Charles Bazerman (bazerman who-is-at humanitas.ucsb.edu)
Mon, 21 Jul 1997 10:32:08 -0700 (PDT)

In the final chapter Mike returns to the issue of how the two psychologies
might be reintegrated around culture and artifacts as central to human
life and cognition ( and which he later points out only come alive and
take on meaning in human activity, making ecological validity a key
problem in investigating mind, culture, artifacts and activity, for these
phenomena die unless in real process). Towards the end Mike points out, as
well, that Vygotsky seemed not be be sufficiently sensitive to the
context/activity dependence of artifacts, their use, and their cognitive
consequences, and thus was not attuned to issues of ecological validity.
He further examines the continuing tensions that riddle the
enterprise of seeing culture and mind as co-constitutive (I might
phrase it: What are humans such that they make culture which they then
live in, and what is culture such that humans make it?) rather than as
separate variables that might influence each other.
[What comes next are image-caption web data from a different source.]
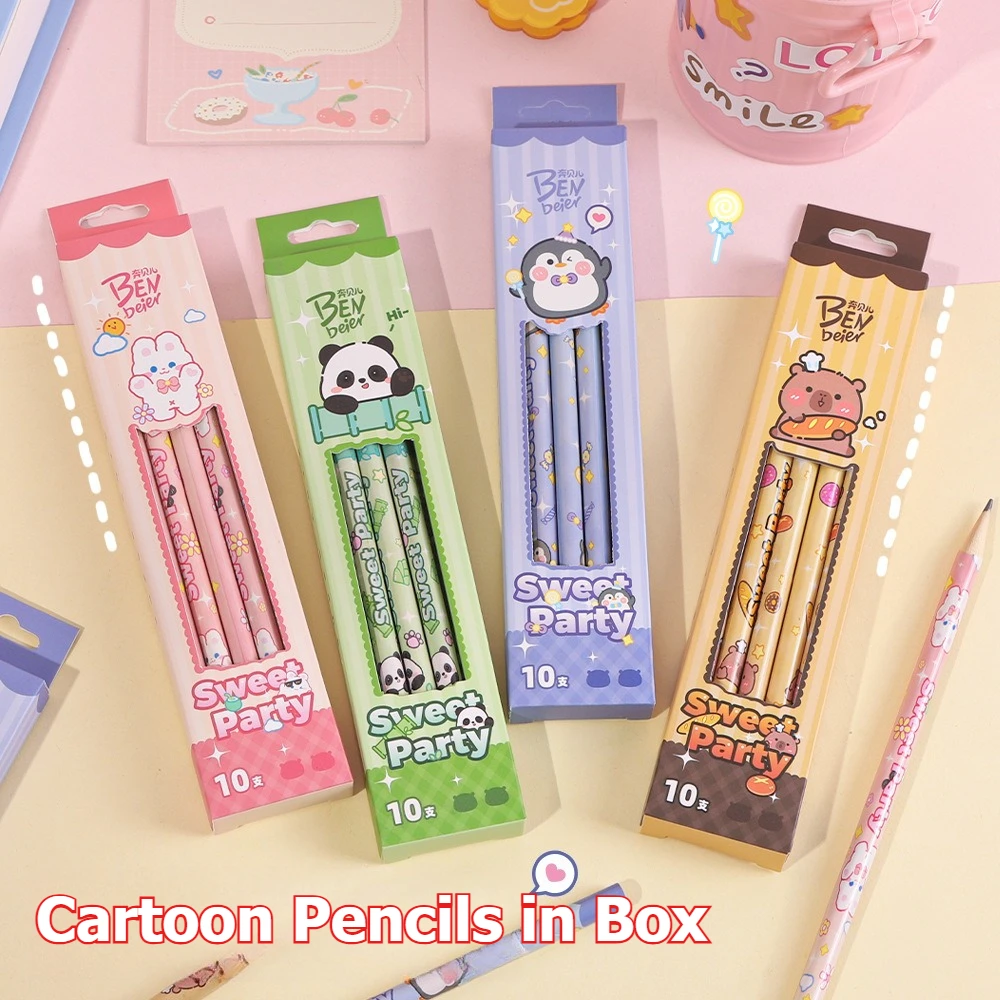 

Boxed HB pencils featuring pandas, penguins, strawberry rabbits and capybaras（Pack of 10）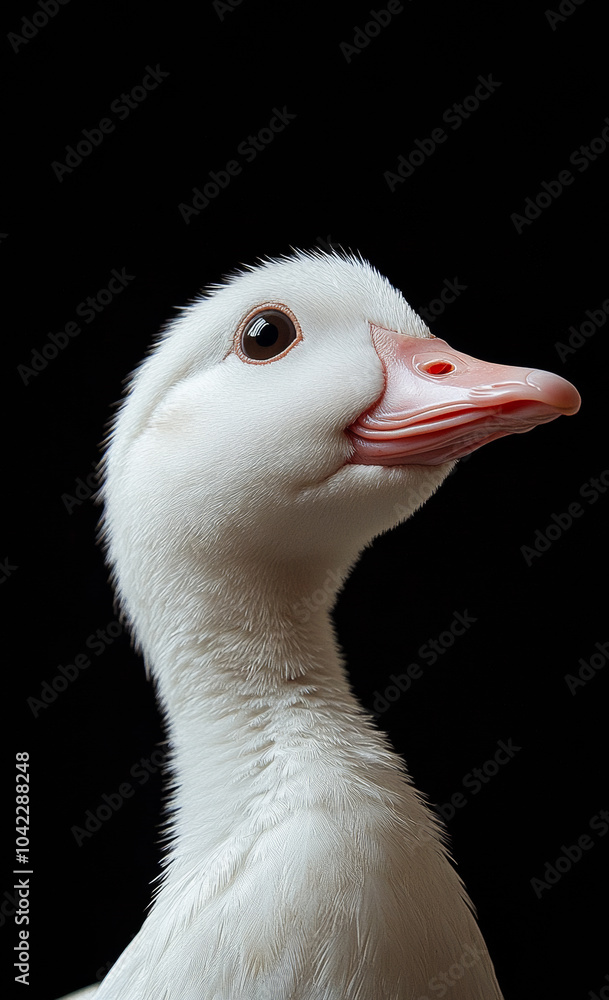 Poster a duck is looking at the camera with its beak open. the duck is white and has a pinkish color on its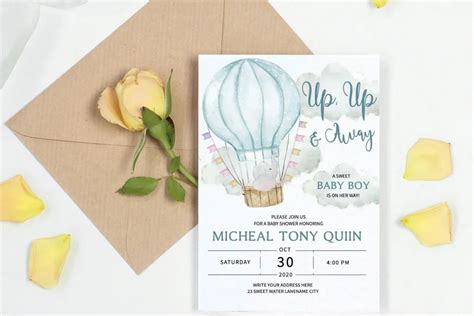 Editable Boy Baby Shower With Elephant Away Hot Air Balloon Diy Bobotemp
The key difficulty is
the dependence on context and activity themselves being mutually
constitutive.
As indications of directions to move in, Mike points to the
flexibility and provisionality of metaphor, current social science concern
for context and practice and interdisciplinarity, and Luria's romantic
science, in which tradition he places the interventions of the Fifth
Dimension.

Some questions
--what do you think of the critique of LSV?
--how would those of you not from psychology describe the integrative
project from the perspective of your disciplinary porjects?
--how do you understand or resolve the issue of context as given for
activity and context as made for activity?
--what would you add or subtract from Mike's list of current resources
supporting cultural psychology and related enterprises?

Let's keep this discussion going for a while. Perhaps you might want to
return to earlier issues you may feel we have not adequately dug into.

Thanks for participating, or even just giving your lurking support.